Your objective
Using the material below, set down only the line containing "Renault Scenic dCi" and the lines after it, unchanged.

Materials provided
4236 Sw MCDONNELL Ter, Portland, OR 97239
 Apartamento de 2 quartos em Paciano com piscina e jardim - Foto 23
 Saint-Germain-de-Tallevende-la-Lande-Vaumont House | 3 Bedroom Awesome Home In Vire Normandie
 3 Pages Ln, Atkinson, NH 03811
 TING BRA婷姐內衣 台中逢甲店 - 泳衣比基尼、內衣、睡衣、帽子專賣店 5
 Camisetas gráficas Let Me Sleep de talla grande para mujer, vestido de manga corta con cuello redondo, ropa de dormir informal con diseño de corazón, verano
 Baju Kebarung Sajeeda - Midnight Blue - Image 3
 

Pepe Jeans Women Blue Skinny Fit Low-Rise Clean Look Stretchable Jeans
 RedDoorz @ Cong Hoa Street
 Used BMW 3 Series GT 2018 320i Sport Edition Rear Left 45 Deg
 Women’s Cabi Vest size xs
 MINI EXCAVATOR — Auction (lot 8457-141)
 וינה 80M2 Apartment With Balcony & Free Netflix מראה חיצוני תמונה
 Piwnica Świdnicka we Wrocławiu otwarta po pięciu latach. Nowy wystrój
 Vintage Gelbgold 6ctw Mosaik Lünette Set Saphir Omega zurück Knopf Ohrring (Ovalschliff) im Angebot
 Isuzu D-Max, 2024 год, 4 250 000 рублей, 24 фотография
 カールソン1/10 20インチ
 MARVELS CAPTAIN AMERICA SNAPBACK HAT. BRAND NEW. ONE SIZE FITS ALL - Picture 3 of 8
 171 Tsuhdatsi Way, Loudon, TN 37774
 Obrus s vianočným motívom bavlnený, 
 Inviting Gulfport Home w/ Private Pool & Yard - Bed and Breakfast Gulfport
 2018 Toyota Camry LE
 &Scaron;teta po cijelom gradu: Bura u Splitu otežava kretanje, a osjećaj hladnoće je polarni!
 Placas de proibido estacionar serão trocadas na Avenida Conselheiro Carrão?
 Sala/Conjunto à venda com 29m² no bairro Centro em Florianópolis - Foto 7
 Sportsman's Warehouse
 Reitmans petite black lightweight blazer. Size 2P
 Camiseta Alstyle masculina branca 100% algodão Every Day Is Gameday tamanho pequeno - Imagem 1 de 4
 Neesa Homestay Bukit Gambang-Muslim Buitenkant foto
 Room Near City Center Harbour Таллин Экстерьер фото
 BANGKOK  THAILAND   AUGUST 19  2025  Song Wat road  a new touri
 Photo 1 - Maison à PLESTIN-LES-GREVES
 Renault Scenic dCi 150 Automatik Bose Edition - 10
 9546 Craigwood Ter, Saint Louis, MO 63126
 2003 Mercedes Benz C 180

Solution
 Renault Scenic dCi 150 Automatik Bose Edition - 10
 9546 Craigwood Ter, Saint Louis, MO 63126
 2003 Mercedes Benz C 180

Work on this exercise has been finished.